When I was done I secured the necessary signatures – mine, hers, the notary and the witnesses – and made the necessary copies. I was left with a neat stack of white paper, properly bound and ready for the clerk’s stamp. I put them in my messenger bag and, for the first time in over two years, went to the courthouse.
In some ways it was more emotionally daunting to walk through those courthouse doors. I had a nice bit of catharsis upon my marriage ending and I’m moving on in healthy directions now. I still feel like I have unfinished business with the law, however. Maybe because I left it instead of the other way around. Whatever the case, I found the few brief minutes I spent there Monday morning mildly unsettling.

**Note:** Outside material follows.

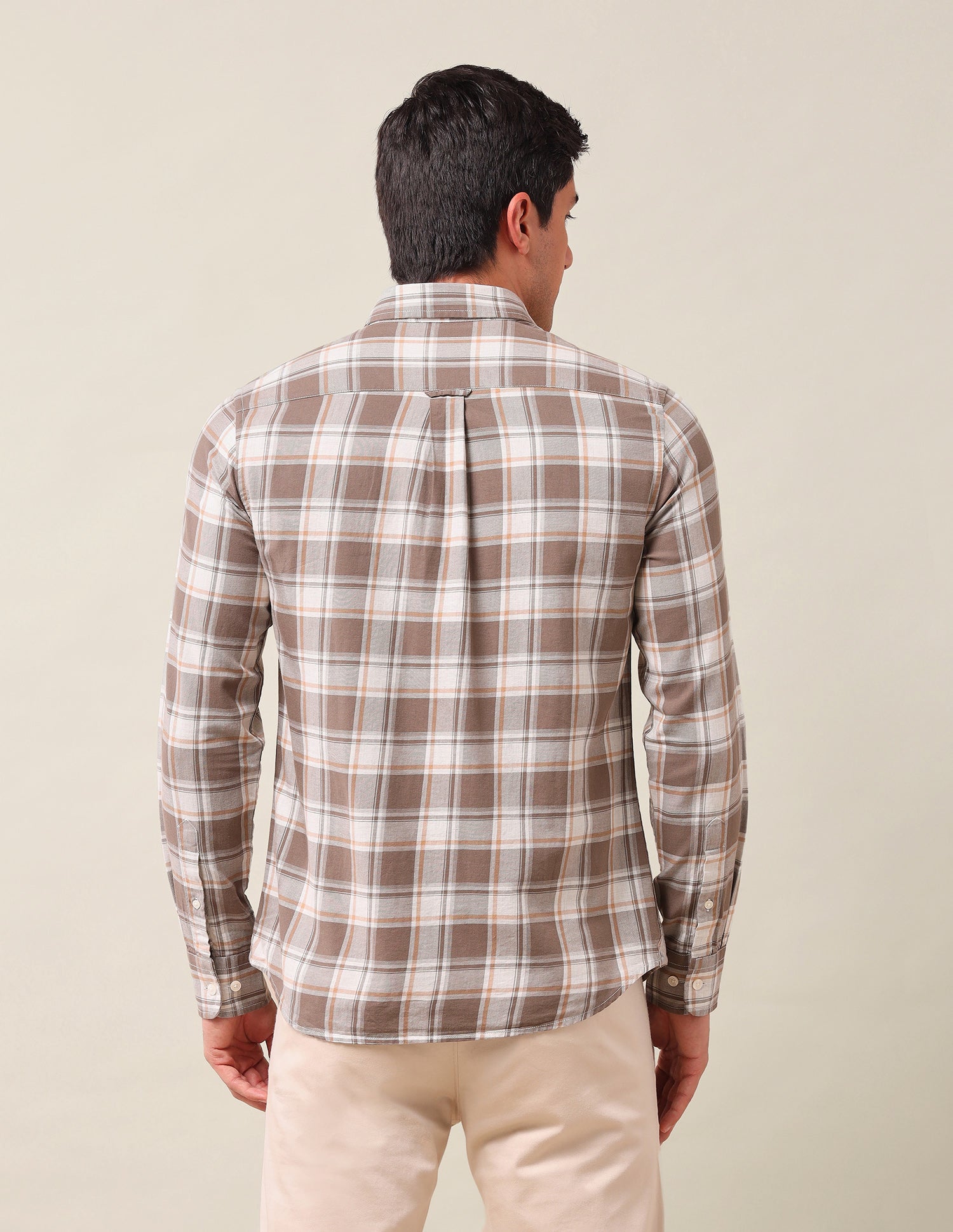 Gun Club Checked Pure Cotton Shirt Khaki - U.S. Polo Assn. India | Large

As the clerk took the documents and stamped each one, I was waiting for her to give them back and to tell me that they weren’t in proper order. To tell me that the local rule I had followed in preparing them had been amended recently and that I needed three more copies, two more signatures and a different kind of fastener because staples were no longer sufficient. It dawned on me as I was waiting that the two biggest anxieties of my life – my difficult legal career, complete with all of the little rules that always seemed to vex me, and the deterioration and ultimate failure of my marriage – had joined forces. I stood there terrified that I’d have to redo the documents and prolong this unpleasant process.
But it all checked out OK. The clerk handed me back my copies and gave me a slight smile and nod, which is probably as close to a “have a nice day” a person who processes divorce and child custody documents all day can muster. I took the elevator back down to the lobby and walked out onto the sidewalk. It was cold, but clear and the air felt clean. I took a deep breath and exhaled, feeling lighter than I had in a long while.
The final hearing is set for March 20. After that, there will be no reason to look backward instead of forward anymore. And what has so far been a pleasant new morning can grow in to a bright new day, unimpeded by old business.